I didn’t think the OP is focused on the “average” 25-year-old. Perhaps the average 25-year-old is still able to afford his or her own apartment, just like the average 25-year-old in the 00s, the 90s, and the 80s did.
It may be that in the 80s and 90s, 25-year-olds making income in the bottom quartiles valued independence more than their counterparts of today. That is one hypothesis. Or it could be that the 25-year-olds in the “below-average” group today are worse off than their yesteryear counterparts because not only do they have sucky jobs, but they have tons of student debt on top of that.
Another complicating factor: a lot of people’s credit sucks right now. When I got my first apartment at 20, my mother cosigned the lease. Perhaps if I had turned 20 during the Great Recession, my mother’s credit score wouldn’t have allowed this.
Yet another complicating factor: transportation. There isn’t as much pressure for teens to learn how to drive as there was back in the days of plentiful, cheap automobiles (and insurance…and gas). If you’re 20-something and you don’t know how to drive yet, it is very possible that you are relying on others to lug you around. Now to be honest, this strikes me as very handicapping and self-limiting. But if you find yourself in this unfortunate situation, then it actually makes sense to live at home until you learn how to drive and obtain a car, at least. In the meantime, you can catch rides with the parents or take public transportation. Personally, I wouldn’t make this choice for myself, but I can see how it could work out like this.
Urbanredneck could tell us better exactly what he’s focused on but what he said is:
[QUOTE= Urbanredneck]
An article today said it is more common for 25 to be the age when most young adults can be economically free from their parents.
[/QUOTE]
When I hear words like “common” and “most” I immediately think average. Not necessarily the statistical median adult or a strict arithmetic mean, but common sense average. In fact, Urbanredneck when on in his next statement to stipulate graduating college, which is well above average. It seems tedious to point out that a few outliers have $100,000 in student loans or have minimum wage jobs to go with their doctorates. Of course those unfortunate outliers may need to take extreme measures.
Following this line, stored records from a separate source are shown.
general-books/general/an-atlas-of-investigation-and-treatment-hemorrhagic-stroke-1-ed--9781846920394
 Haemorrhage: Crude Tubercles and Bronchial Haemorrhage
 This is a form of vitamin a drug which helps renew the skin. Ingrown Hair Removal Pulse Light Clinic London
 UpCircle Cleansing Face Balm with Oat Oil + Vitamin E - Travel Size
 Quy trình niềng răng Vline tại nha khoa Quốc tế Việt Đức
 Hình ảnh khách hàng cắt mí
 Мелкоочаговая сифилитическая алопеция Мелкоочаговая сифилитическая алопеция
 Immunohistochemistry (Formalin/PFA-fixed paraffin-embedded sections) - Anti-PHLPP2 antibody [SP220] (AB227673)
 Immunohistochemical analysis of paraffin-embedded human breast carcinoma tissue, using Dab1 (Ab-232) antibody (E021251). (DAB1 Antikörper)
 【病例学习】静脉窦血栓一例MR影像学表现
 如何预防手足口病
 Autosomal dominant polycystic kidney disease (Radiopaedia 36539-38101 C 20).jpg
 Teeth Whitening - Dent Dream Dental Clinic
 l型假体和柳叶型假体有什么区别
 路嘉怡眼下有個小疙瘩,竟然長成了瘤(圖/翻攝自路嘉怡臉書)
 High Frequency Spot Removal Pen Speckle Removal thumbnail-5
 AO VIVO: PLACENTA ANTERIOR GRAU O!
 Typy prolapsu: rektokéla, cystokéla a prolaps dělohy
It’s still relevant to point out that the average college starting salary is much higher than people seem to think, or that the average debt burden is far lower.
I used my camping gear for the first 2 months I lived in my first apartment after school. Slept in my sleeping bag on a foam mattress. Then I “splurged” on a bed from a Sears outlet that sold surplus furniture. I used a card table for my dining table for the first 3 years. Didn’t have my own apartment for about 4 years (that is, I had roommates.) Man, it was nice to ditch the roommates!!
If you want to live on your own, you’ll find a way.
The 22 year old has almost nothing to lose. I mean, logically - as a 22 year old your options are to live at home with your parents, not being an independent adult, or get a cheap apartment with some friends. Doesn’t it stand to reason that if you lose your job and can’t make rent, moving back in with your parents remains an option?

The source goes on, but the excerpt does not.